Bush III vs. Carter II

--by Mike Murray

Get ready for the retro election.  Forget everything you’ve heard about “change”; the 2008 presidential election is all about the past.  Democrats have signaled that they will try to paint John McCain’s candidacy as nothing more than an attempt by Republicans to, in essence, award a “third term” to George W. Bush.

If that claim is fair game, then it’s also cricket to say that Democrats are using Barack Obama to secure a second term for Jimmy Carter – the one that voters denied him in 1980.  Both assertions regarding this year’s presumptive nominees are outlandish.  Just the same, each contains a kernel of truth.

It is true, for example, that McCain was in accordance with Bush about the need to remove Sadam Hussein from power.  Consequently, both men believed that invading Iraq was a necessary act (given intelligence data that was supplied to them at the time – data that similarly persuaded a good many Democrats, by the way).  But McCain and Bush have also quarreled, sometimes bitterly, over the war’s prosecution.

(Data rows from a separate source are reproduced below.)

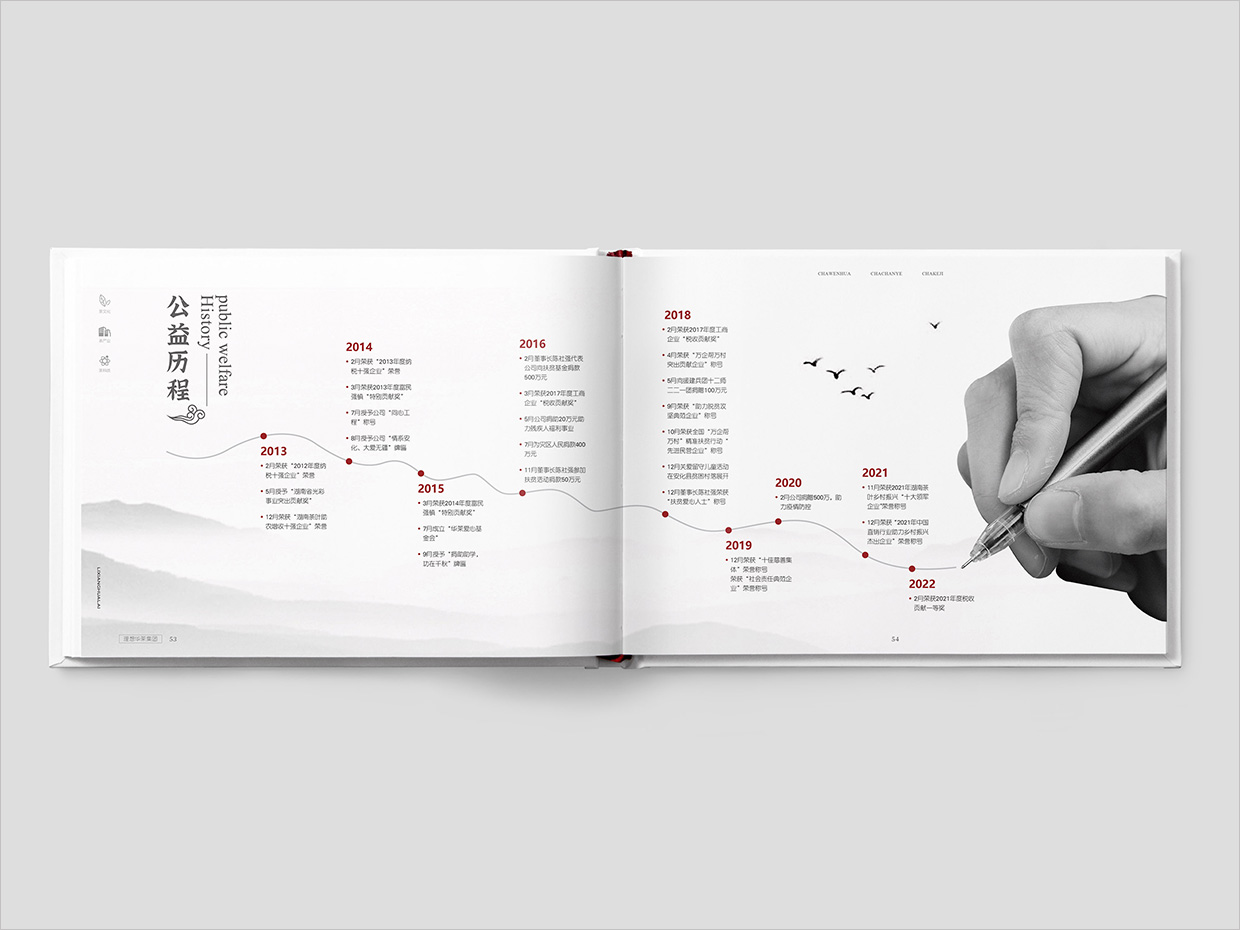 理想華萊科技集團公司畫冊設計之公益歷程頁面設計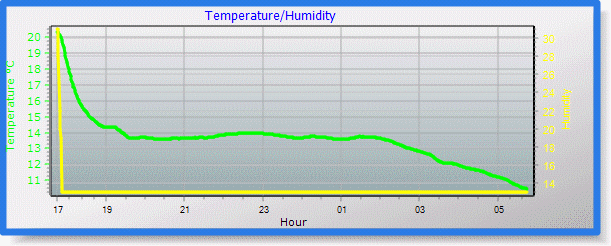 temp/humidity graph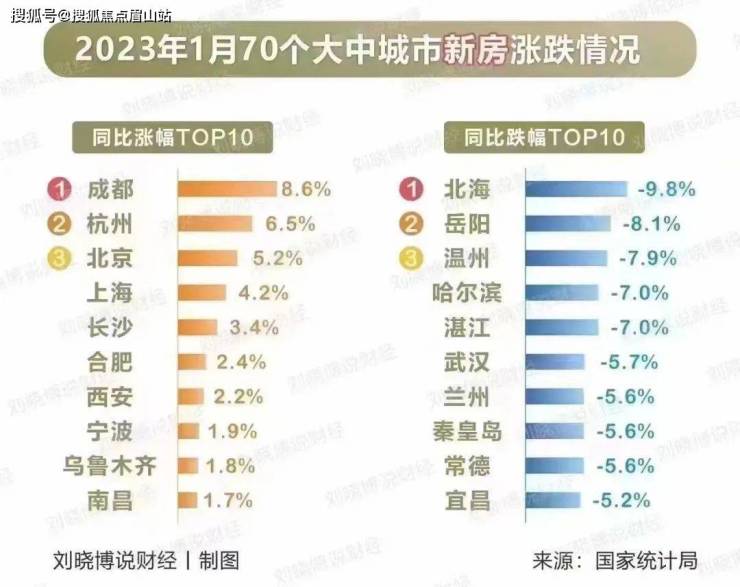 神仙树6号院怎么样能不能买-在售户型 区域配套分析 售楼部电话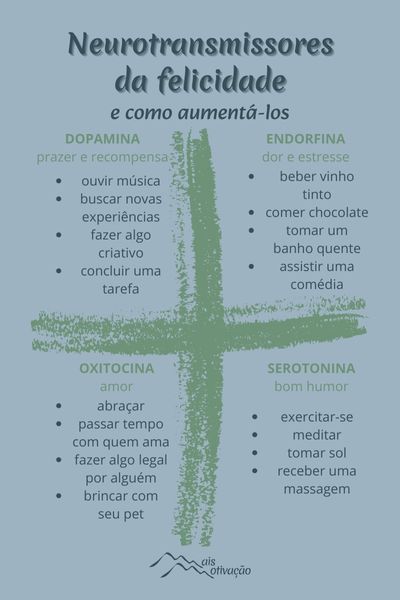 lista dos neutrotransmisores da felicidade e como ativa-los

Everyone agrees that the initial phase of the war was carried out effectively and efficiently.  Even staunch-Democrat Chris Matthews (who served as a mouthpiece in the Carter administration) was impressed.  From his talking-head perch at MSNBC he opined early on that the Iraq War would serve as a sterling model for future military operations.  But this was a different kind of war.  Overthrowing Sadam Hussein and his regime was only the beginning.

The much maligned “mission accomplished” declaration by Bush (a milestone proclamation requested by the United Nations as a predicate to next-phase, humanitarian relief), signaled only an end to traditional-style battlefield operations.  Non-traditional combat against insurgents was a struggle destined to continue for years.

As it turned out, the roadmap that had guided so well in deposing Hussein and his henchmen was not backed up by a proper plan for securing Iraq in the aftermath.  Initially heralded as a brilliant strategist, Secretary of Defense Donald Rumsfeld found himself reduced to an object of ridicule.

Making matters worse, he refused to acknowledge the shortcomings of his “phase two” approach.  Rumsfeld rejected passionate pleas – many of them issued by John McCain – to revise his methods.  So strong was his opposition to change that it became necessary for Bush to remove him from office.  Only then could a new course be pursued.

McCain does believe that the surge in Iraq is a reasonable undertaking.  He championed it, after all.  And he clearly believes that it is working.  Bush concurs with the latter assertion.  But, having been long counseled by surge-opponent Rumsfeld, Bush had to be prodded – hard – before he acquiesced to the build-up in troop strength.  And who did most of the prodding?  Yep:  it was none other than long-time, thorn-in-his-side McCain.

John McCain is decidedly more hawkish than is Barack Obama.  In that regard, McCain would certainly resemble Bush more as Commander-in-Chief than would the junior senator from Illinois.  And given the fact that conflicts are never popular (and that the length of this war has made it especially distasteful), political benefit has accrued to Obama – who spoke from the start against using military force in Iraq.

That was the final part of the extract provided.